-------- DATASET RECORDS

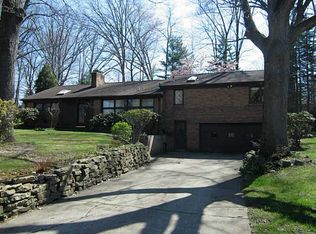 375 S Oakdale Ave, Hermitage, PA 16148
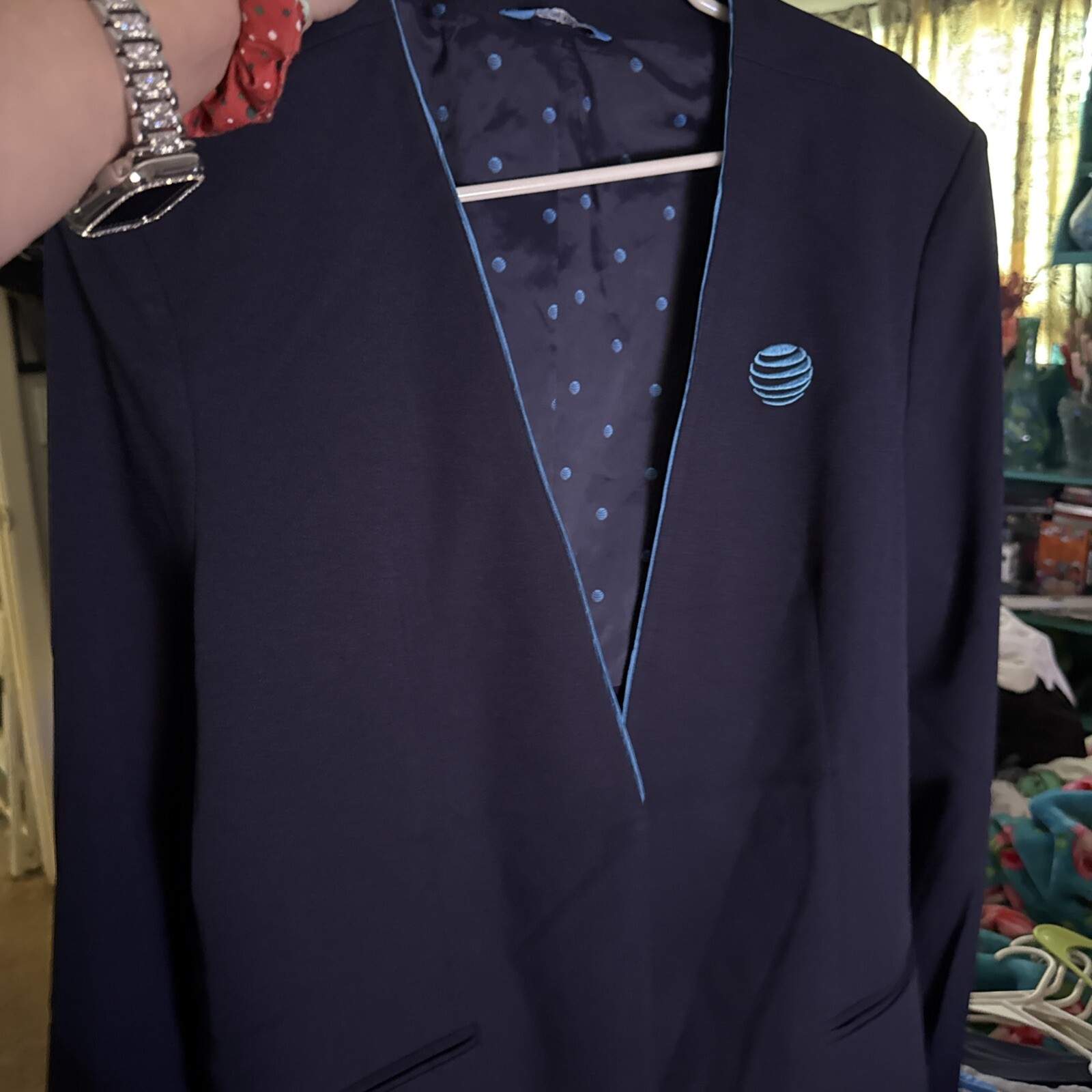Picture 1 of 2
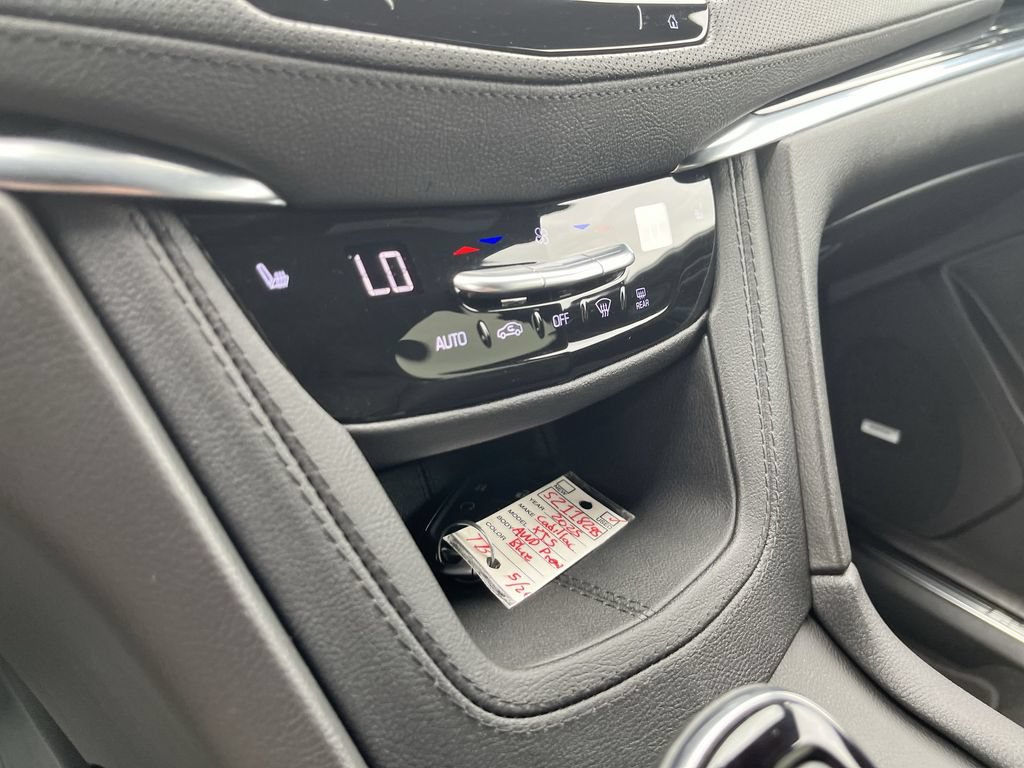 Used 2025 Cadillac XT5 Premium Luxury AWD/4WD image 19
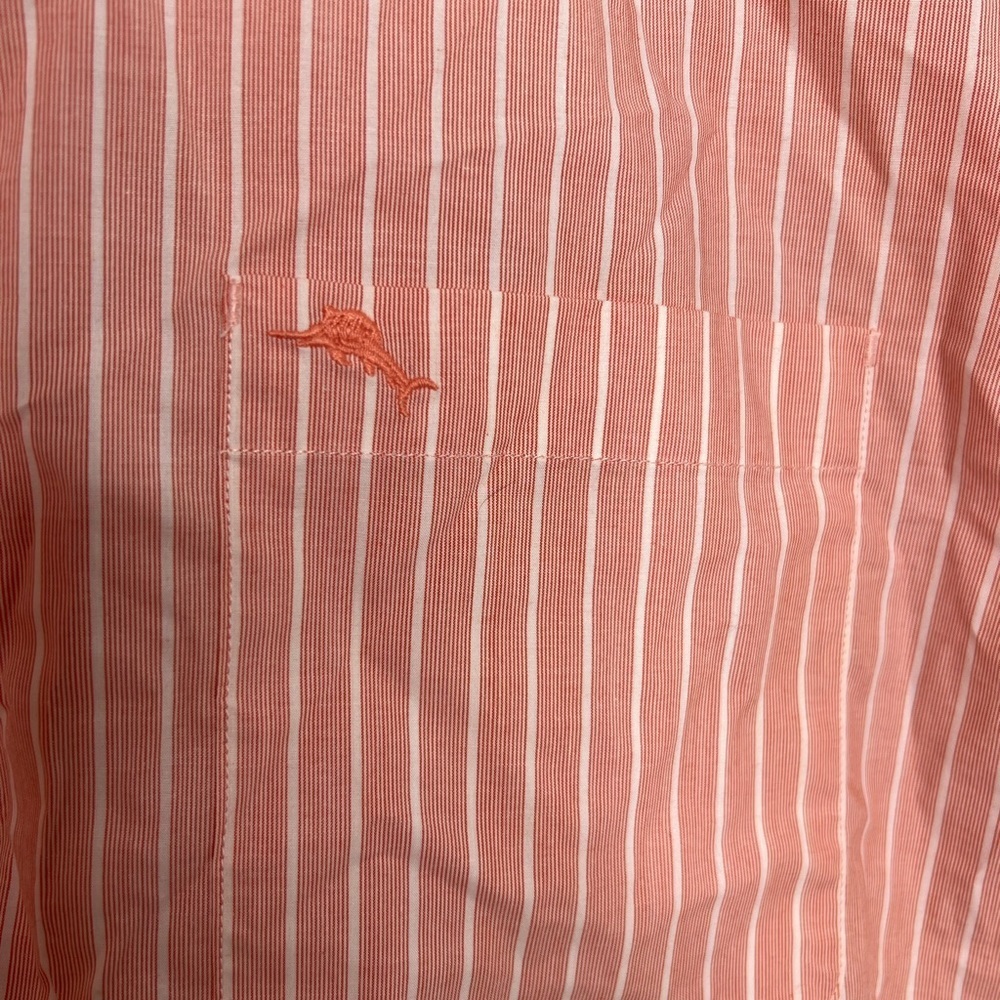 Tommy Bahama Button Down Men’s Size Medium - Picture 5 of 6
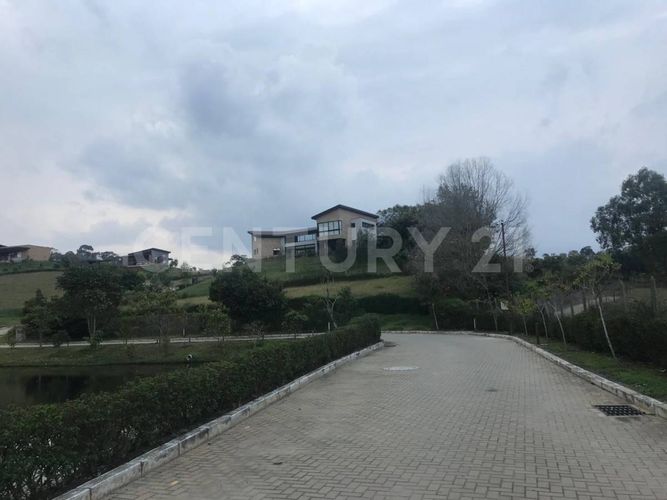 Casa de 3 alcobas en venta en El Porvenir, Rionegro, 278 m² · foto 15 de 18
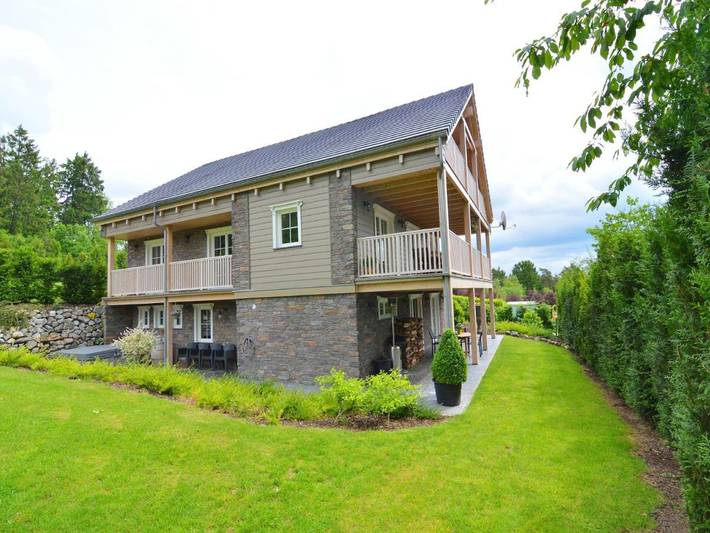 Chalet voor 10 personen, with Whirlpool and Terras as well as Tuin and Sauna in Provincie Luxemburg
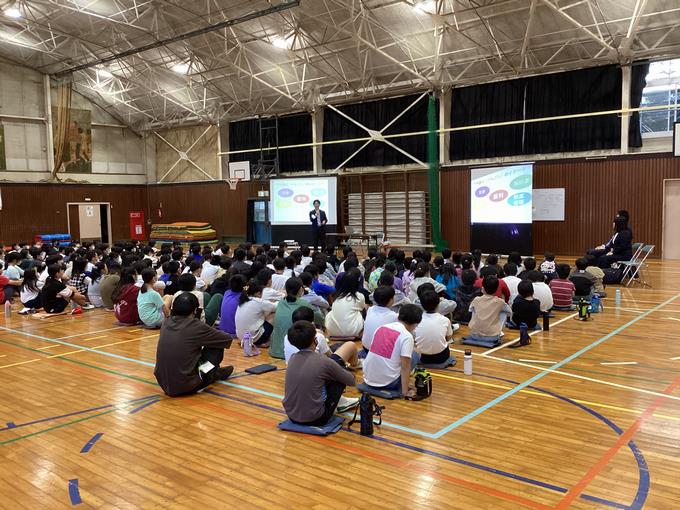 体育館で学年そろっての実施でした。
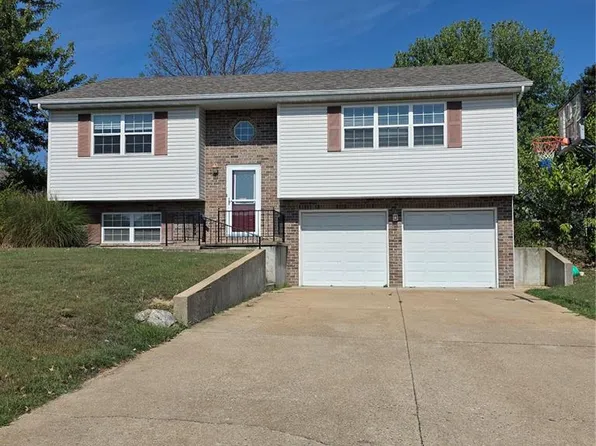 19725 Stallion Dr, Waynesville, MO 65583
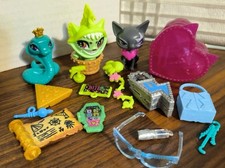 Monster High Doll Accessories Lot 16 pcs Pets, Bags, Sunglasses Cleo Venus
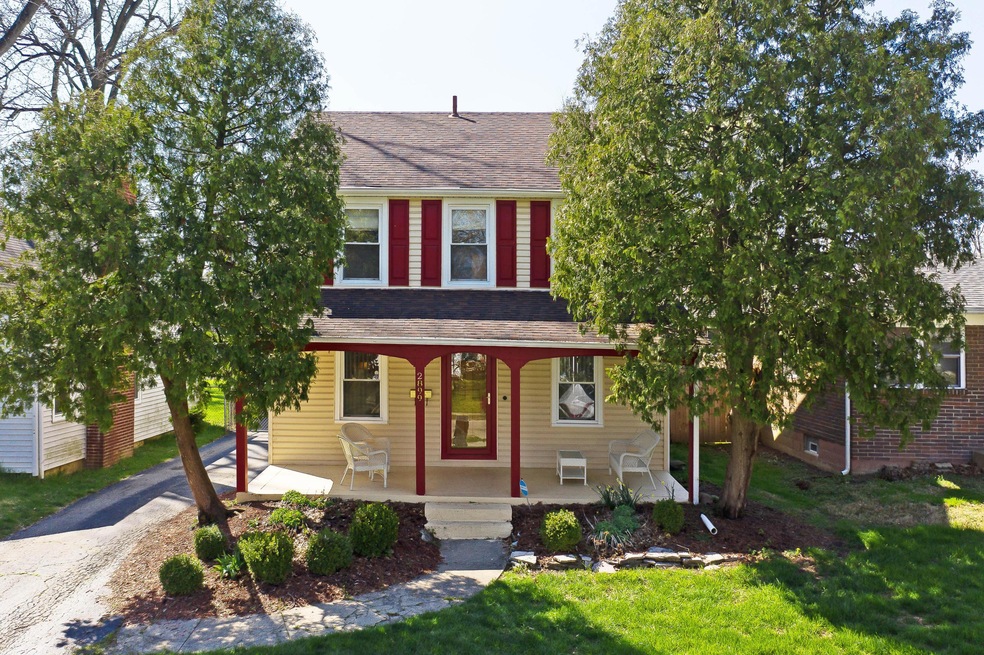2899DresdenStreet-3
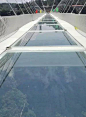 世界第一玻璃桥--天门山玻璃栈道 #张家界#
小憩旅游网：http://www.xiaoqigo.net/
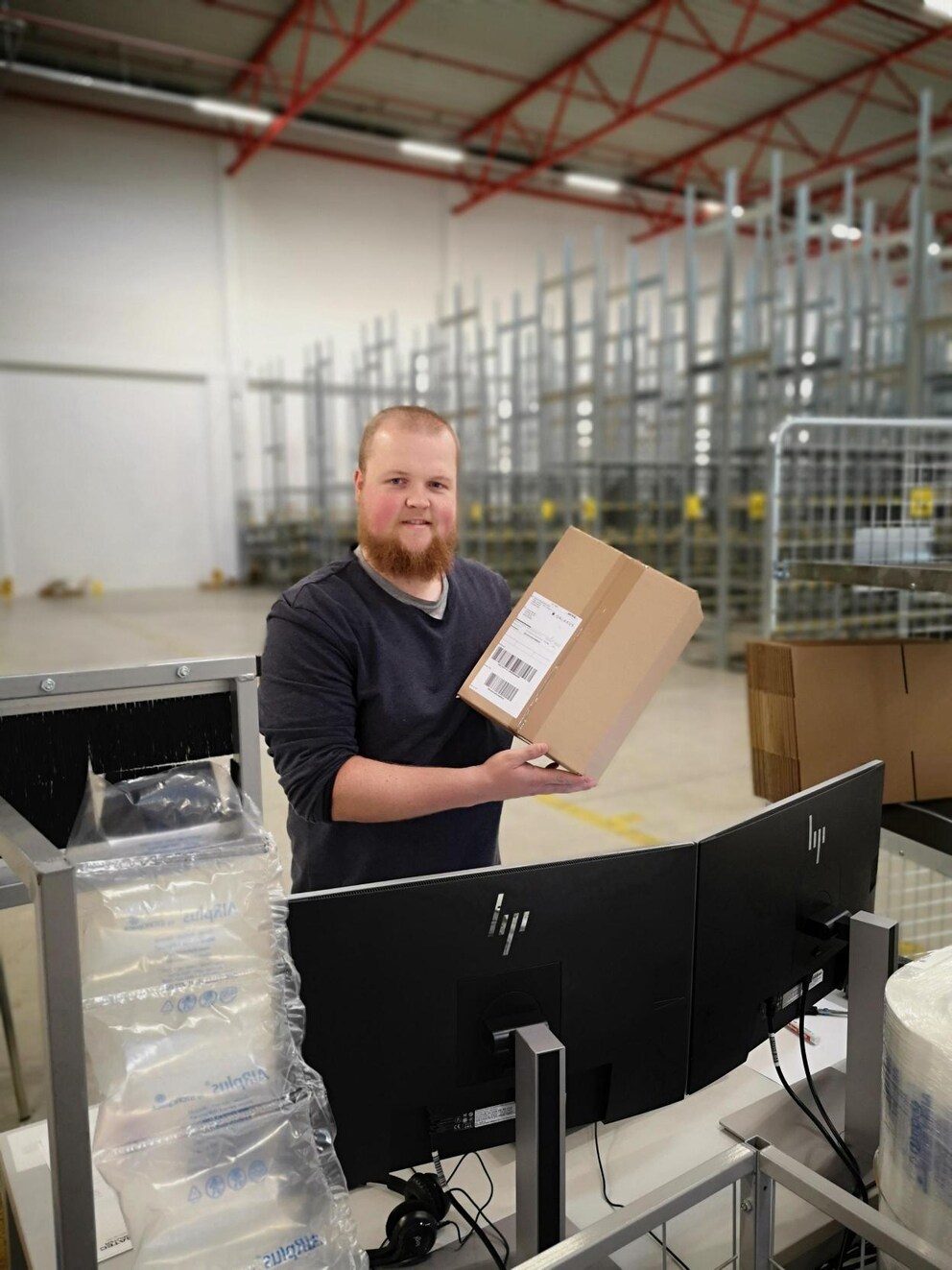 Steffen Beniers, qui travaille encore aujourd’hui chez Galaxus en tant que responsable logistique à Krefeld, a envoyé le premier colis en 2018.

----------------

■ ASSIGNED TASK: From the first line to the last, retype the data exactly, but omit every image.

■ OUTPUT OF THE TASK:
 375 S Oakdale Ave, Hermitage, PA 16148
Picture 1 of 2
 Used 2025 Cadillac XT5 Premium Luxury AWD/4WD image 19
 Tommy Bahama Button Down Men’s Size Medium - Picture 5 of 6
 Casa de 3 alcobas en venta en El Porvenir, Rionegro, 278 m² · foto 15 de 18
 Chalet voor 10 personen, with Whirlpool and Terras as well as Tuin and Sauna in Provincie Luxemburg
 体育館で学年そろっての実施でした。
 19725 Stallion Dr, Waynesville, MO 65583
 Monster High Doll Accessories Lot 16 pcs Pets, Bags, Sunglasses Cleo Venus
2899DresdenStreet-3
 世界第一玻璃桥--天门山玻璃栈道 #张家界#
小憩旅游网：http://www.xiaoqigo.net/
 Steffen Beniers, qui travaille encore aujourd’hui chez Galaxus en tant que responsable logistique à Krefeld, a envoyé le premier colis en 2018.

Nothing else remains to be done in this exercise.